Blood is mainly a liquid, but contains small solid components. These components are suspended in a liquid called plasma, and are comprised of red cells, white cells and platelets. This is the key to relieving the arthritis in knee.
Typically a blood specimen contains 93% red cells, 1% white cells and 6% platelets. Each component plays an important role for the human body to function. Red blood cells serve to carry oxygen from the lungs and to deliver it to other cells throughout the body, while also removing carbon dioxide. White blood cells fight infection, kill germs, and carry off dead blood cells. Platelets are responsible for the construction of new connective tissue, and contain proteins called growth factors that are very important in the healing of injuries, and serves as an arthritis treatment. Simply put, PRP is plasma that has been modified to have a higher concentration of platelets.
A SYSTEMATIC REVIEW WITH QUANTITATIVE SYNTHESIS
Amir Khoshbin, M.D., Timothy Leroux, M.D., David Wasserstein, M.D., M.Sc., F.R.C.S.C., Paul Marks, M.D., F.R.C.S.C., John Theodoropoulos, M.D., M.Sc., F.R.C.S.C., Darrell Ogilvie-Harris, M.D., F.R.C.S.C., Rajiv Gandhi, M.D., F.R.C.S.C., Kirat Takhar, B.Kin., Grant Lum, M.D., Jaskarndip Chahal, M.D., M.Sc., F.R.C.S.C.
The purpose of this systematic review was to synthesize the available Level I and Level II literature on platelet-rich plasma (PRP) as a therapeutic intervention in the management of symptomatic knee osteoarthritis (OA).
A systematic review of Medline, Embase, Cochrane Central Register of Controlled Trials, PubMed, andwww.clinicaltrials.gov was performed to identify all randomized controlled trials and prospective cohort studies that evaluated the clinical efficacy of PRP versus a control injection for knee OA. A random-effects model was used to evaluate the therapeutic effect of PRP at 24 weeks by use of validated outcome measures (Western Ontario and McMaster Universities Arthritis Index, visual analog scale for pain, International Knee Documentation Committee Subjective Knee Evaluation Form, and overall patient satisfaction).
Six Level I and II studies satisfied our inclusion criteria (4 randomized controlled trials and 2 prospective nonrandomized studies).
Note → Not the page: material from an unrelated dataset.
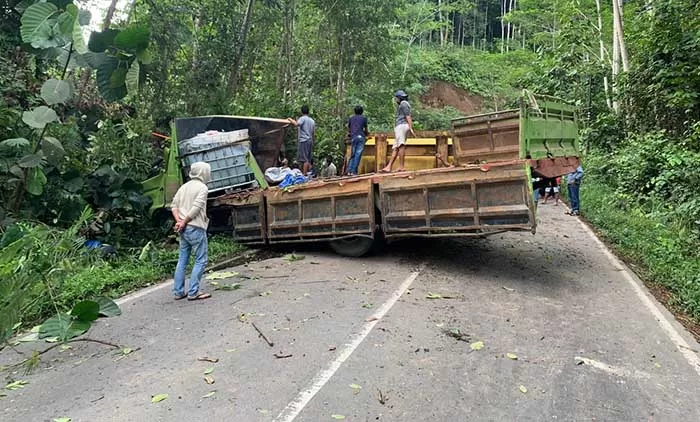 RUSAK PARAH: Kondisi truk yang menghantam tebing di jalan Poros Kelay, Senin (15/2).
A total of 577 patients were included, with 264 patients (45.8%) in the treatment group (PRP) and 313 patients (54.2%) in the control group (hyaluronic acid [HA] or normal saline solution [NS]). The mean age of patients receiving PRP was 56.1 years (51.5% male patients) compared with 57.1 years (49.5% male patients) for the group receiving HA or NS. Pooled results using the Western Ontario and McMaster Universities Arthritis Index scale (4 studies) showed that PRP was significantly better than HA or NS injections (mean difference, −18.0 [95% confidence interval, −28.8 to −8.3]; P< .001). Similarly, the International Knee Documentation Committee scores (3 studies) favored PRP as a treatment modality (mean difference, 7.9 [95% confidence interval, 3.7 to 12.1]; P < .001). There was no difference in the pooled results for visual analog scale score or overall patient satisfaction. Adverse events occurred more frequently in patients treated with PRP than in those treated with HA/placebo (8.4% v 3.8%, P = .002).
As compared with HA or NS injection, multiple sequential intra-articular PRP injections may have beneficial effects in the treatment of adult patients with mild to moderate knee OA at approximately 6 months. There appears to be an increased incidence of nonspecific adverse events among patients treated with PRP.
Level of evidence
Level II, systematic review of Level I and II studies.